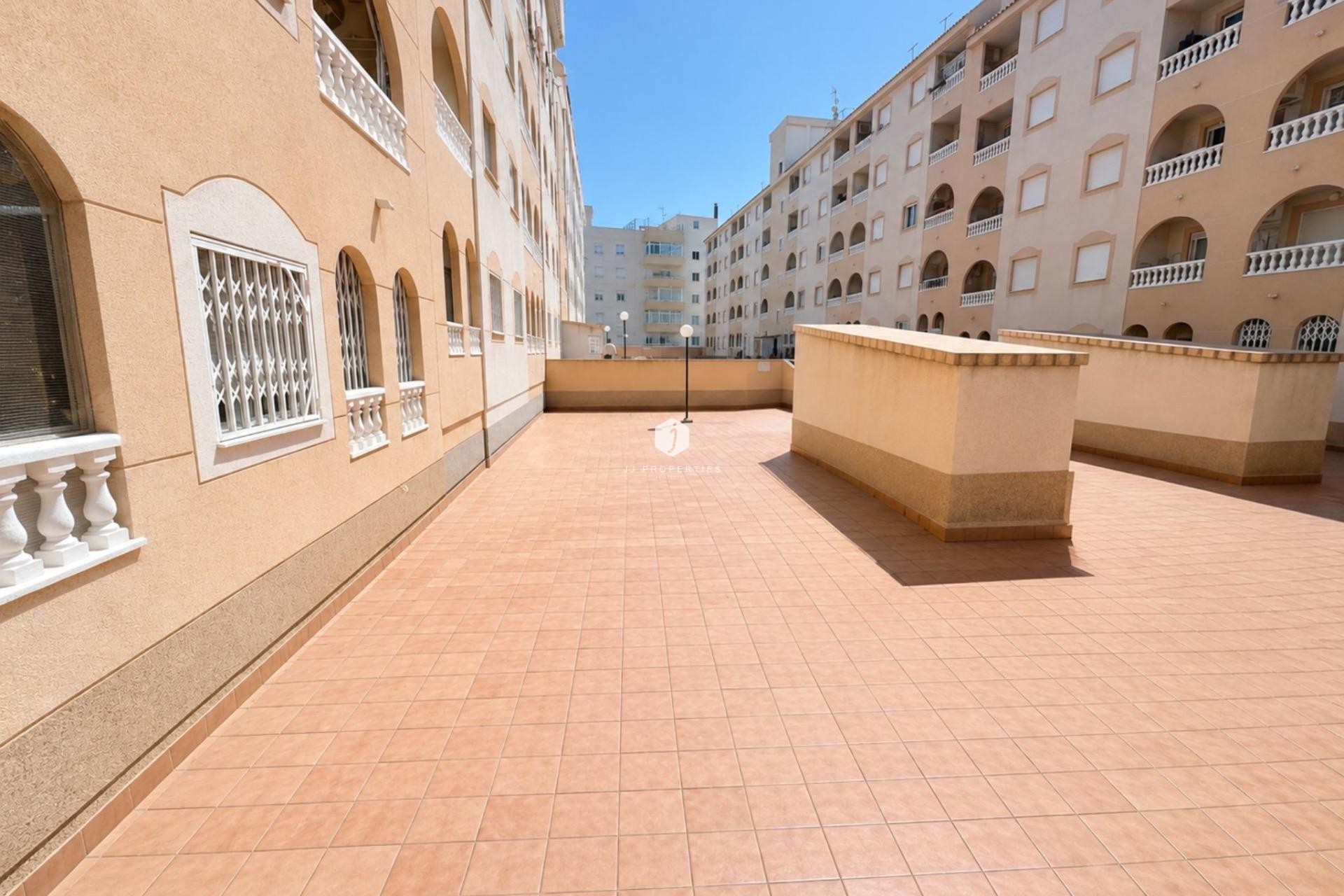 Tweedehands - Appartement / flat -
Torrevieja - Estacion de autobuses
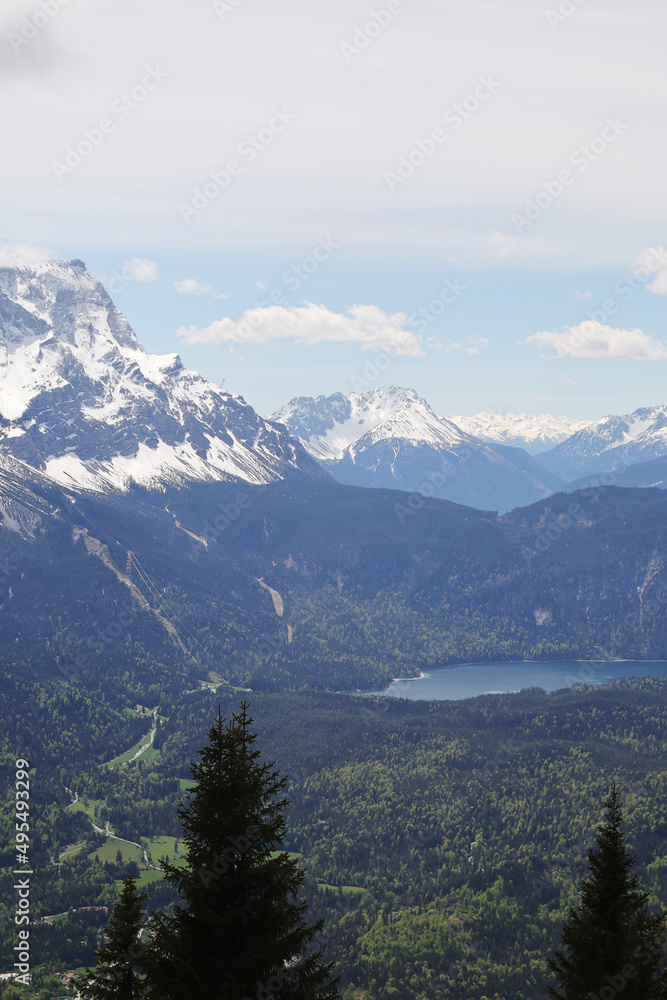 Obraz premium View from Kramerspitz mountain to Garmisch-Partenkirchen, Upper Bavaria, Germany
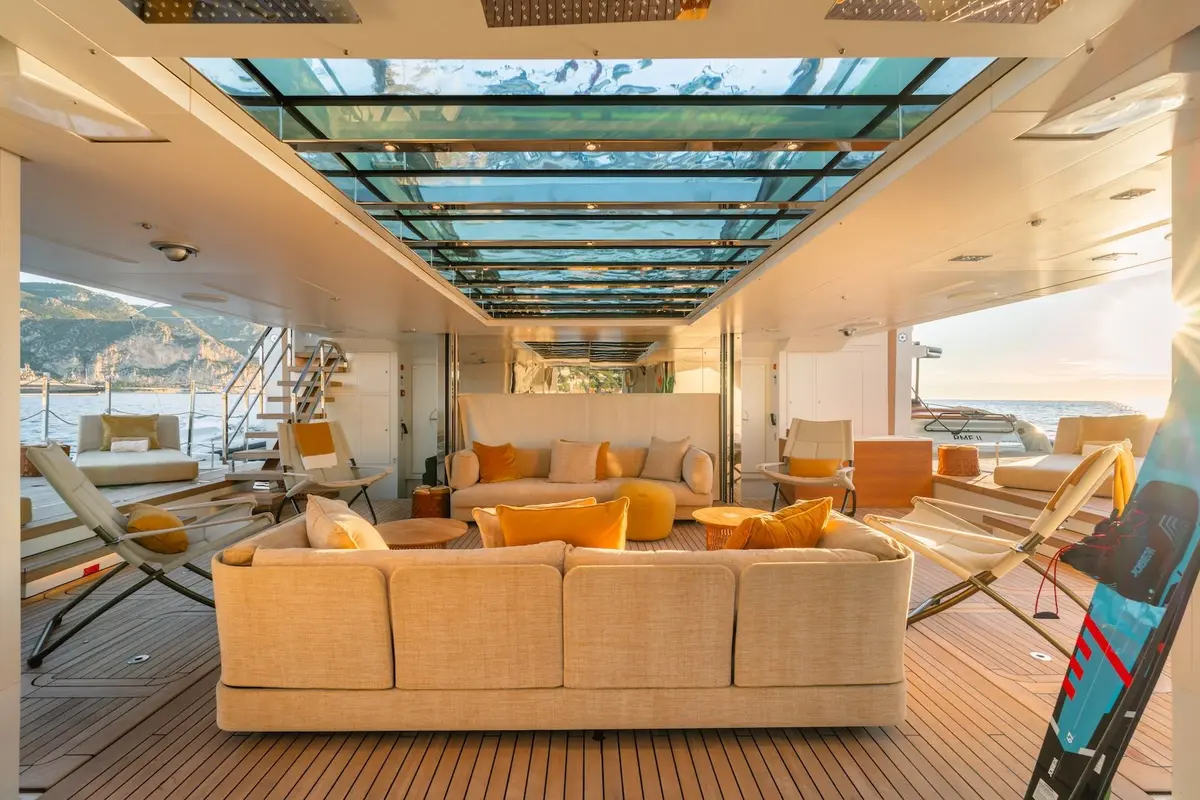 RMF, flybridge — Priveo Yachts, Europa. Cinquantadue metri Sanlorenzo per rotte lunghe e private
※
* **ASSIGNMENT**: Write out every line above again exactly, with the pictures left out.

* **PROBLEM SOLUTION**:
 Tweedehands - Appartement / flat -
Torrevieja - Estacion de autobuses
 Obraz premium View from Kramerspitz mountain to Garmisch-Partenkirchen, Upper Bavaria, Germany
 RMF, flybridge — Priveo Yachts, Europa. Cinquantadue metri Sanlorenzo per rotte lunghe e private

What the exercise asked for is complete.